Formulation and Evaluation of Microspheres for Nasal Delivery of Antihypertensive Drug

Mhetre R.M.*, Patil S.S.  Gujrathi D.S.
Gandhi Natha Rangji College of D.Pharmacy, India

Citation: Mhetre RM, Patil SS, Gujrathi DS (2019) Formulation and Evaluation of Microspheres for Nasal Delivery of Antihypertensive Drug. SciTech Nanosciences-Pharma 2019. Tokyo: Japan

Received: August 27, 2019         Accepted: August 29, 2019         Published: August 29, 2019


Lisinopril is an angiotensin converting enzyme inhibitor used in the treatment of hypertension and heart failure in prophylactic treatment after myocardial infarction and in diabetic nephropathy. However, it is very poorly absorbed from gastro-intestinal tract. Intranasal administration is an ideal alternative to the parenteral route for systemic drug delivery. Formulating multiparticulate system with mucoadhesive polymers may provide a significant increase in the nasal residence time.

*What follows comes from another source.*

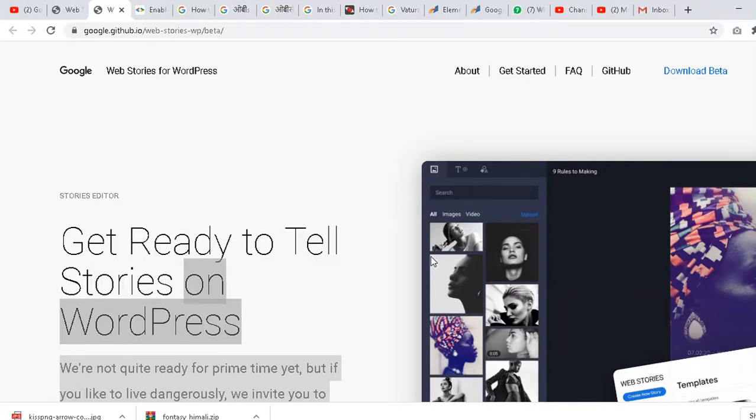Hello friends, welcome back to my channel. Today I want to show you some latest features of Google. Google has launched one very interesting application called a plugin. It's called a plugin because you can only use it in WordPress.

The aim of the present approach was to overcome the drawbacks of the conventional dosage forms of lisinopril by formulating intranasal microspheres with Carbopol 974P NF and HPMC K4 M along with film forming polymer ethyl cellulose.

Methods: The microspheres were prepared by emulsion solvent evaporation method. The prepared microspheres were characterized for encapsulation efficiency, drug loading, particle size, and surface morphology, degree of swelling, ex-vivo mucoadhesion, drug release, ex-vivo diffusion studies. Formulations C4 and H6 displayed the best results for Carbopol and HPMC based microspheres respectively. Entrapment efficiency was 84.95±0.50% and 17.92±0.0.777%; mucoadhesion was 62.66% and 96.33%; and drug release up to 40 minute was 53.66 % and 98.68% for C4 and H6 respectively. Combination of microspheres i.e. HC4 shows drug release upto 98.55%.  Ex-vivo studies revealed that the formulations C4, HC4 and H4 showed good bioavailability compared to oral drug administration. Both in-vitro and Ex-vivo studies conclude that combination of Carbopol and HPMC based microspheres are better than single carbopol based microspheres for the delivery of lisinopril.
Keywords: Microspheres, Lisinopril, Solvent evapuoration method.